Le non-respect de ces obligations expose le dirigeant à une amende de 1 500 € (3 000 € en cas de récidive) et peut entraîner une injonction de faire du président du tribunal de commerce. En pratique, l'absence d'assemblées régulières complique considérablement toute opération ultérieure : un acquéreur de parts sociales, une banque ou l'administration fiscale demanderont systématiquement les PV d'assemblées et les comptes déposés.
Nous proposons un forfait annuel de secrétariat juridique adapté aux TPE et commerçants, qui couvre la rédaction de l'ensemble des actes et le dépôt au greffe du tribunal de commerce de Montpellier.
L'assemblée générale ordinaire d'approbation des comptes doit se tenir dans les six mois suivant la clôture de l'exercice comptable. Pour la grande majorité des sociétés, dont l'exercice se clôture au 31 décembre, la date limite est le 30 juin de l'année suivante.

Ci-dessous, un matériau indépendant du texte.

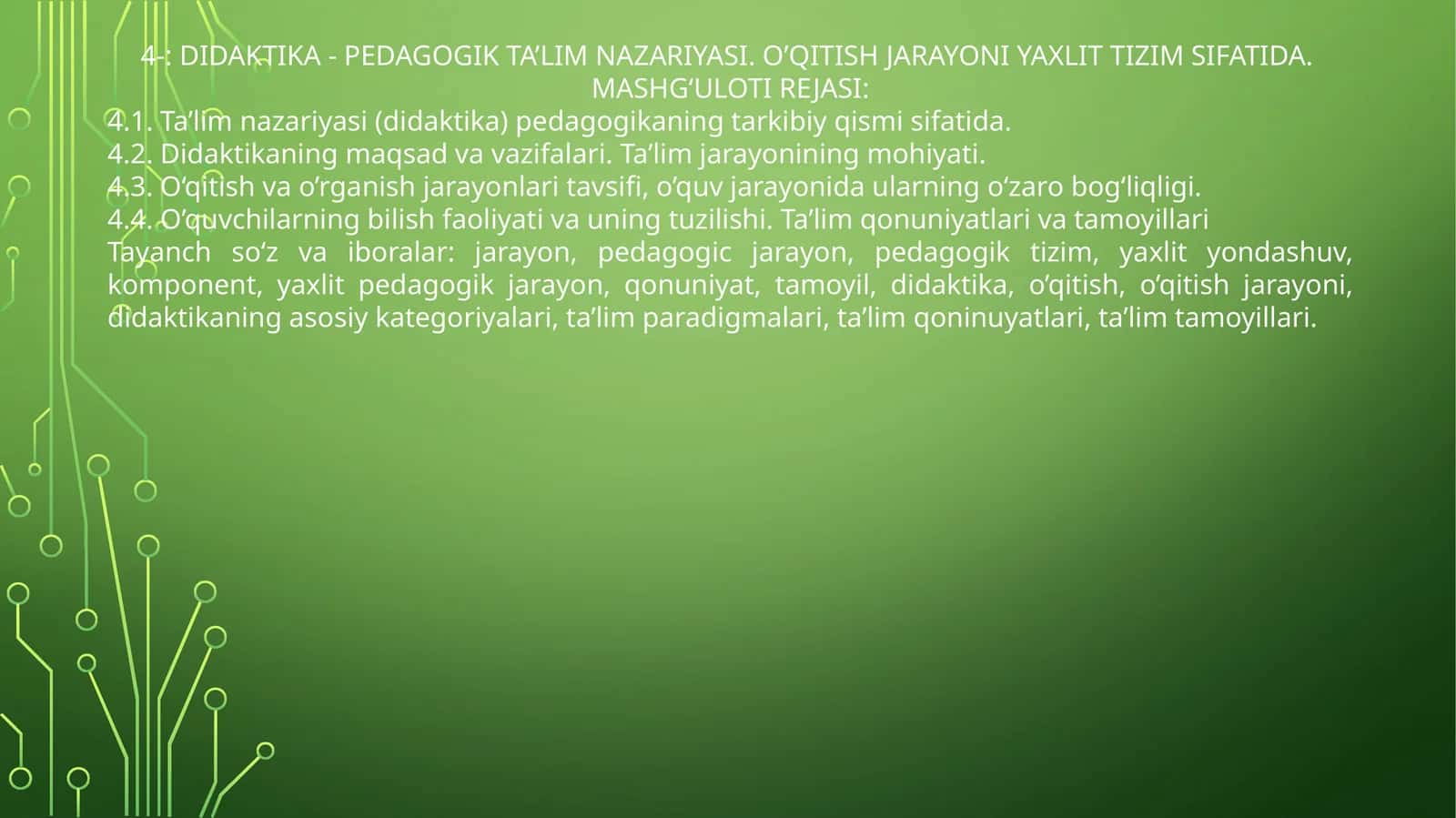 DIDAKTIKA - PEDAGOGIK TA’LIM NAZARIYASI 1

Un délai supplémentaire peut être accordé sur requête adressée au président du tribunal de commerce avant l'expiration du délai initial de six mois.
La préparation de l'assemblée implique plusieurs étapes qu'il convient d'anticiper : la clôture des comptes par l'expert-comptable, la rédaction du rapport de gestion par le dirigeant, la convocation des associés dans les formes prévues par les statuts (lettre recommandée avec accusé de réception ou remise en main propre contre émargement, généralement 15 jours avant la date de l'assemblée), et la mise à disposition des documents comptables.
Nous coordonnons ce calendrier avec votre expert-comptable pour garantir le respect des délais légaux et éviter tout risque de sanction.